Zur Person: Stephan Schmitter
Stephan Schmitter ist Head of Audio der Mediengruppe RTL Deutschland und CEO von RTL Radio Deutschland mit Sitz in Berlin, der größten privaten Radiogruppe in Deutschland. Er studierte in München Kommunikations-, Theater- und Politikwissenschaften. 1996 begann er seine Laufbahn im Radiogeschäft: Zunächst acht Jahre bei Radio Gong 96,3 in München unter anderem als Programmdirektor und Moderator der Morgensendung.
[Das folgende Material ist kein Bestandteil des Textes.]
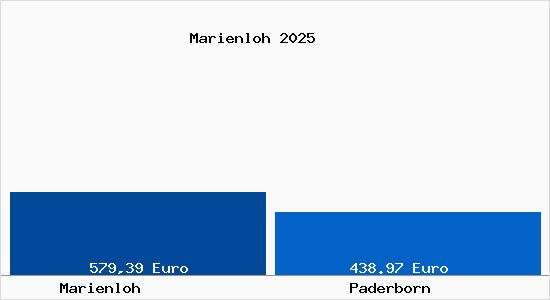 Aktueller Bodenrichtwert in Paderborn Marienloh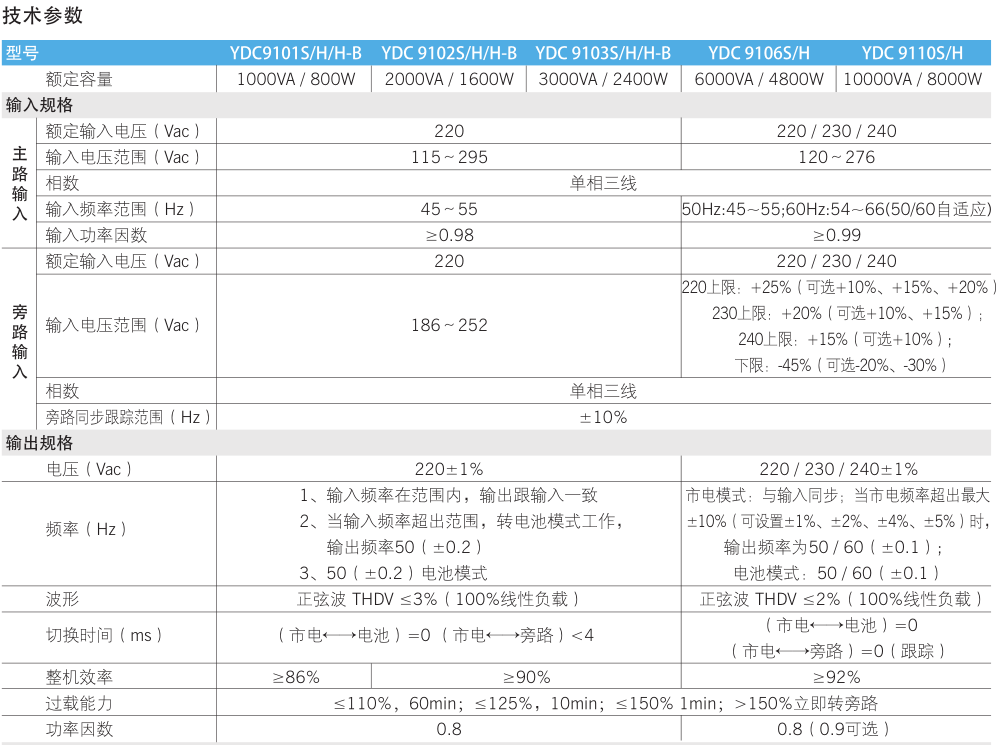  科士达YDC9103H/S-B参数表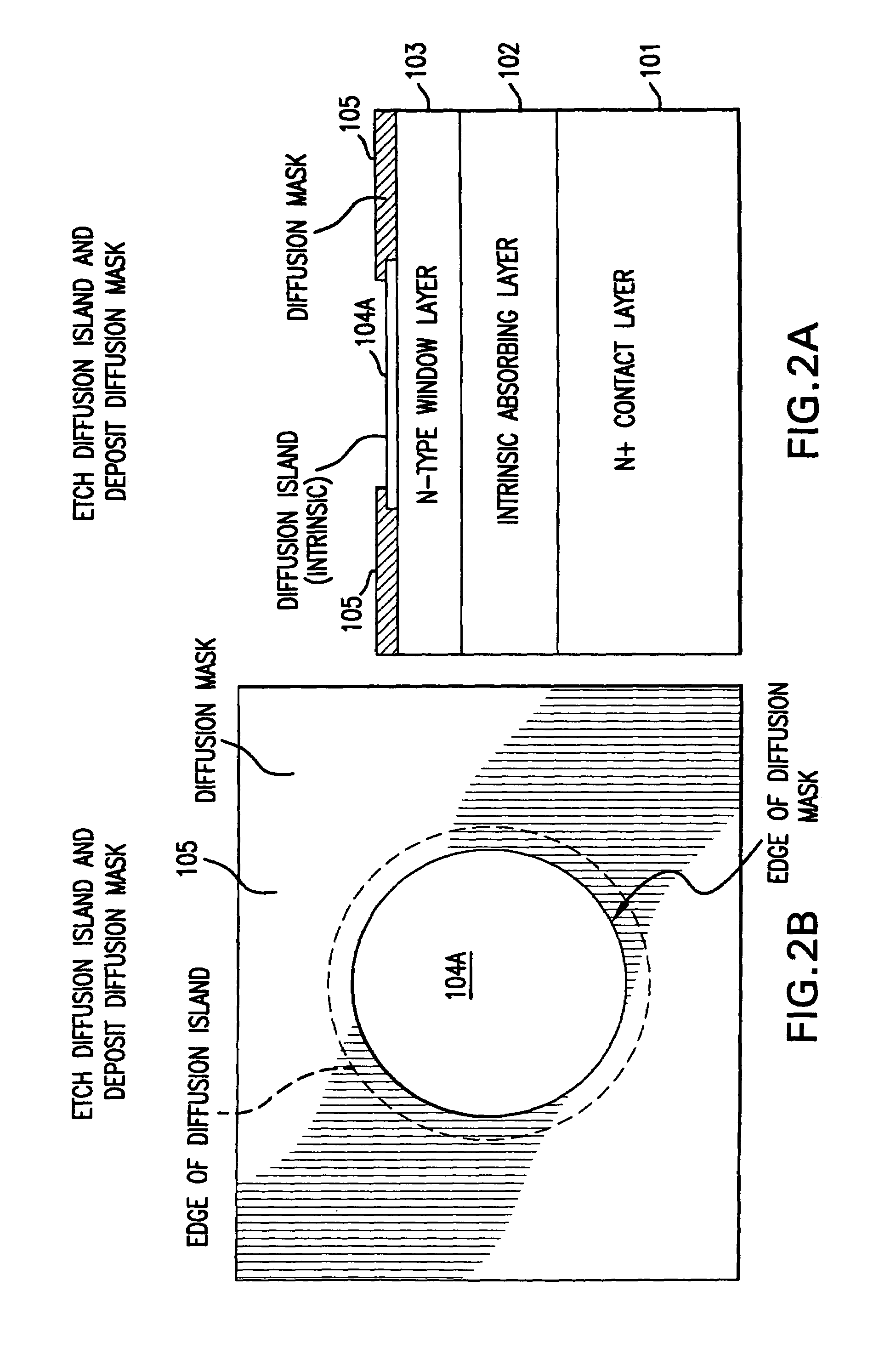 PIN diode structure with zinc diffusion region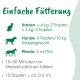 Ergänzungsfuttermittel für Hunde & Katzen - cdVet Calma 20 ml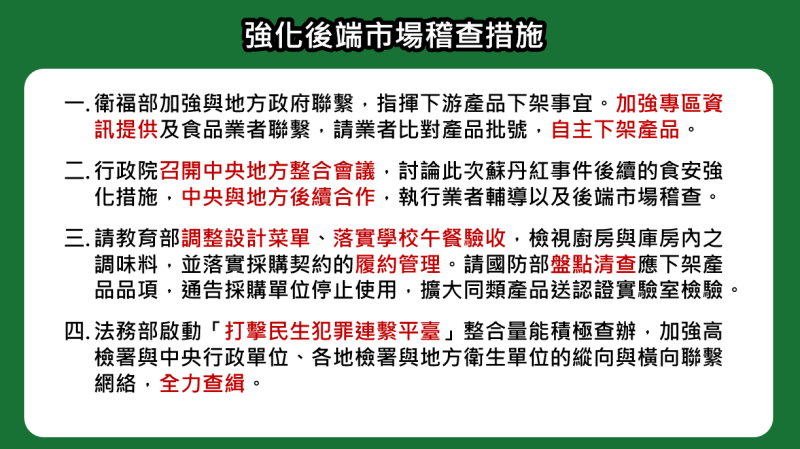 強化後端市場稽查措施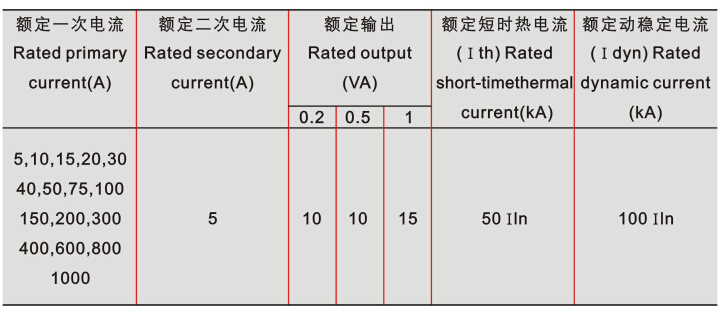 LQG-0.5电流互感器技术参数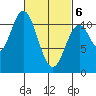 Hunter Bay tide chart for Saturday, March 6, 2021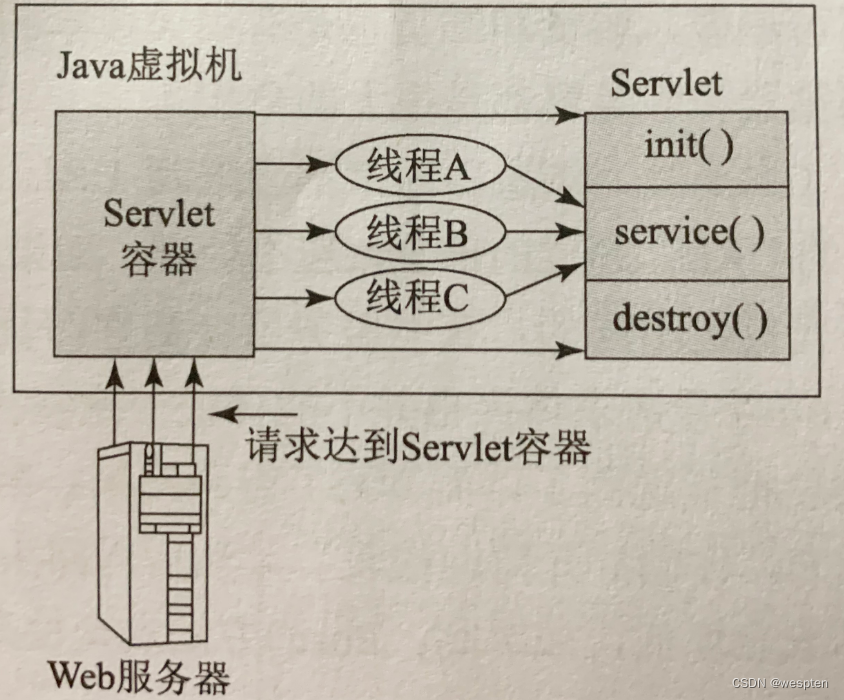 Java Web 开发详解_java web开发-CSDN博客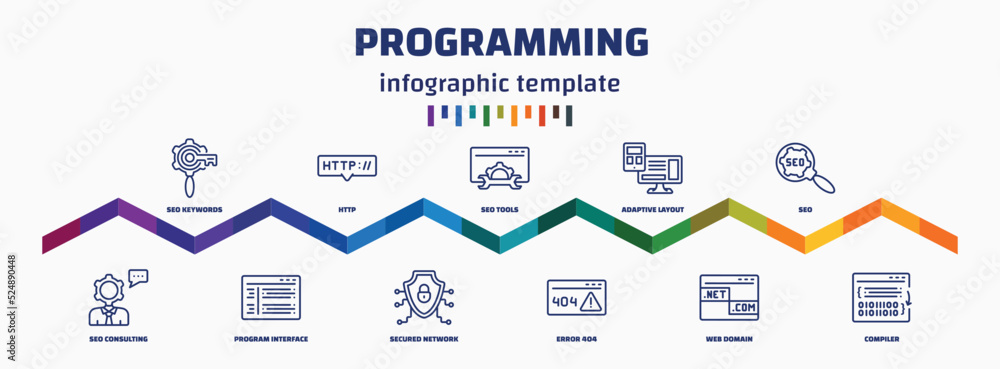 Wall mural infographic template with icons and 11 options or steps. infographic for programming concept. includ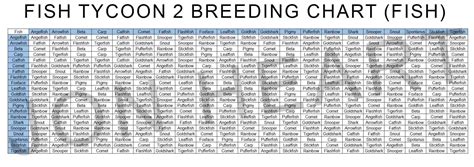 Discover the Art of Fish Genetics with our Comprehensive Breeding Chart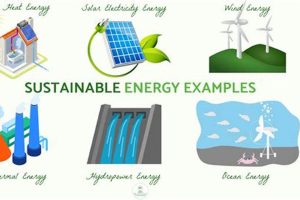 Clean Energy Sources: Your Eco-Friendly Power Guide | Renewable Energy Solutions for a Sustainable Future | Clean & Green Power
Seit 2007 ist er Geschäftsführer der RTL Radio Center Berlin GmbH – der Muttergesellschaft der Stationen 104.6 RTL, 105’5 Spreeradio, the wave – relaxing radio, und der RTL Radiovermarktung – sowie der Skyline Medien GmbH (93,6 JAM FM). 2018 wurde er zum CEO von RTL Radio Deutschland bestellt, im Mai 2019 zum Head of Audio der Mediengruppe RTL Deutschland und zum Geschäftsführer der Audio Alliance GmbH. Er ist Mitglied des Boards der Bertelsmann Content Alliance.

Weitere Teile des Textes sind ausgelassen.